The strong results will be led by an "outperformance" in its Flexonics arm, with the Aerospace division having traded in line with expectations.
Among London small-caps, pub operator Marston's added 6.0%.
The firm said like-for-like sales in the 16-week period to Saturday of last week were 13% ahead of the previous year, including the hit from Omicron.
On a like-for-like basis, sales in the eight weeks to November 26 were 6.8% ahead of a year before, as previously reported. In the eight weeks after that, like-for-like sales were 19% ahead.
The Wolverhampton, England-based pub chain also noted like-for-like sales were 4.5% ahead of financial 2020. the firm also noted its electricity costs are now hedged for the entirety of the current financial year to September. It left earnings guidance unchanged.
In Tokyo on Tuesday, the Nikkei 225 index rose 1.5%, as preliminary survey results showed the Japanese private sector returned to growth in January.

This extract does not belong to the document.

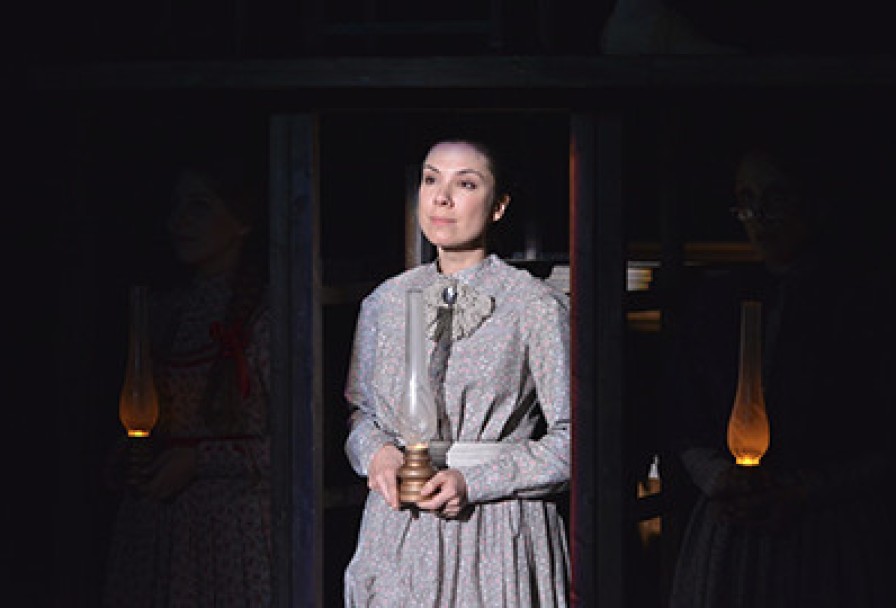 Обыкновенная История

The latest au Jibun Bank services PMI rose to 52.4 points in January from 51.1 the month before, according to the flash reading.
The services score lifted the flash composite PMI to 50.8 in January, from 49.7 in December. Crossing above the 50.0 no-change mark, it shows Japan's private sector has returned to marginal growth from last month's slight contraction.
The manufacturing sector remained in contraction. The output index edged up to 47.1 points from 46.6.
Meanwhile, markets in Shanghai and Hong Kong remained shut to mark Lunar New Year.
The S&P/ASX 200 index in Sydney closed up 0.4%.
Wall Street ended higher on Monday, with the Dow Jones Industrial Average up 0.8%, the S&P 500 up 1.2% and the tech-heavy Nasdaq Composite up 2.0%.
Gold was quoted at USD1,938.72 an ounce early Tuesday, higher than USD1,922.40 late Monday. Brent oil was trading at USD88.04 a barrel, down from USD88.82
In the economic calendar, there's the UK flash PMI at 0930 GMT, with the US to follow at 1445 GMT.